The budget process has since fallen on hard times. It is much reviled (though not always justly, we believe). CBO, by contrast, has surpassed the highest expectations of its founders. Its first director, Alice Rivlin, who served from 1975 to 1983, set a standard of businesslike, sophisticated and detached analysis that seemed at first to clash with the congressional culture -- and eventually helped to elevate it. Her successor Rudolph Penner, who retired last year, followed in the same tradition.

Together they and the senior members of the House and Senate who gave them room to operate made CBO -- which unlike OMB does not have to follow a particular line -- the most authoritative voice in government on budgetary matters, not merely the numbers but the policy choices. Myths have been dispelled by CBO's good work, the quality of debate has been improved, and Congress has gained important leverage in dealing with the White House.

We sing these praises because now these achievements are in danger of being not destroyed, but smudged. The people who are doing the damage are precisely the ones who in some ways have the most to lose and in the past have recognized the special virtue of CBO and protected it from Congress' own worst tendencies, the party and budgetary leaders of the two houses. Mr. Penner left the agency last March. He had previously given ample notice. His place was taken on an acting basis by Edward Gramlich, formerly his deputy, who was one of perhaps half a dozen candidates in the running to succeed him. When no decision was made by the end of last year, Mr. Gramlich returned to the University of Michigan. A division head is now serving as acting director on a temporary basis.

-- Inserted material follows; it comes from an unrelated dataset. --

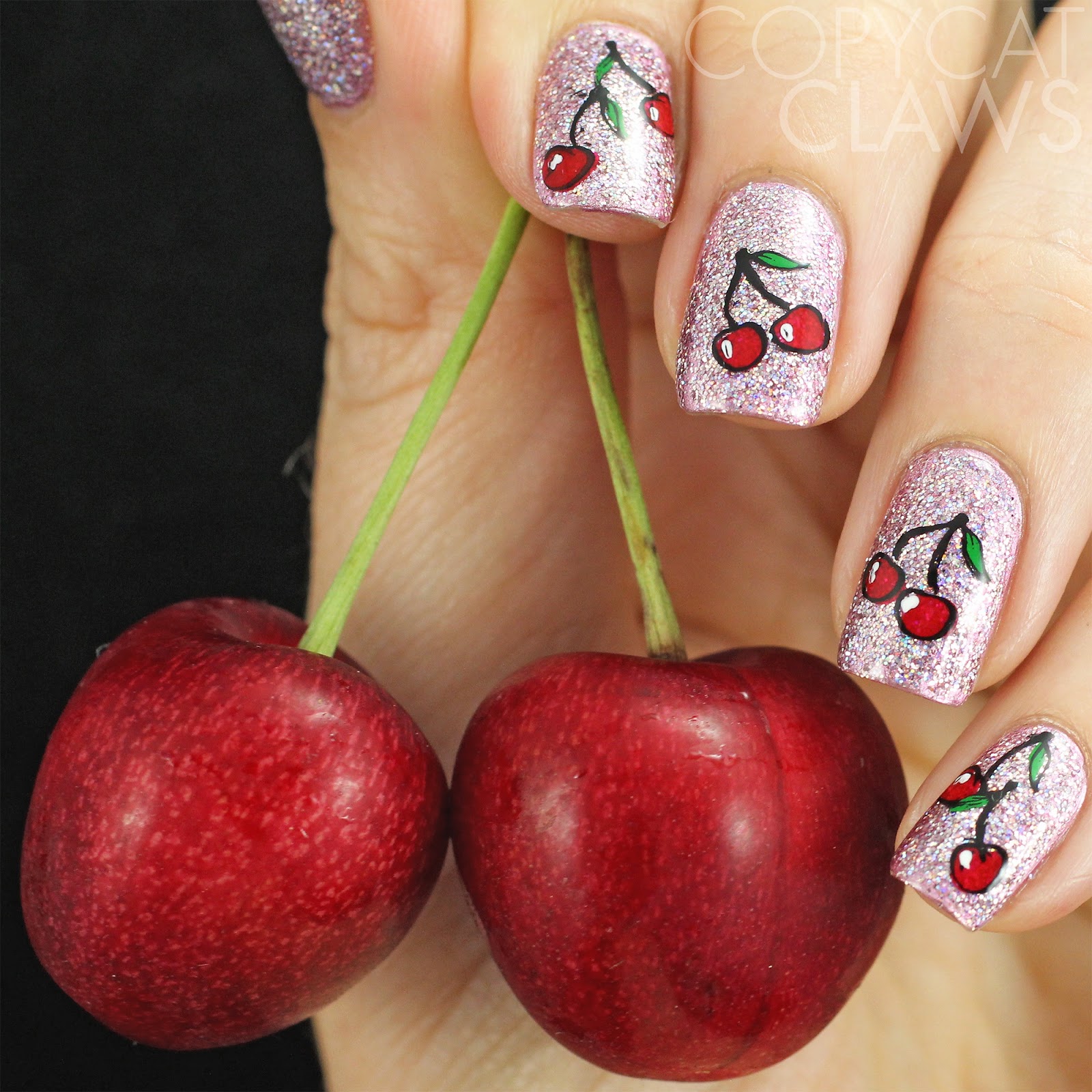 Copycat Claws HPB Presents Cherry Nail Art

There is no shortage of qualified people to lead this agency. The apparent reason for the delay is that leaders of the two houses haven't been able to agree on a budget director any better than they can on a budget. This in turn has led predictably to all kinds of speculation as to whose man or woman the next director will be. Nothing can do more harm to this valuable institution than the sense that it is somehow even faintly in the pocket of either house, or either party, or any other group. Its strength depends on its independence. The leaders are now said to be about to make a choice, a year late. They need to do it quickly and cleanly; they should play their familiar little games someplace else.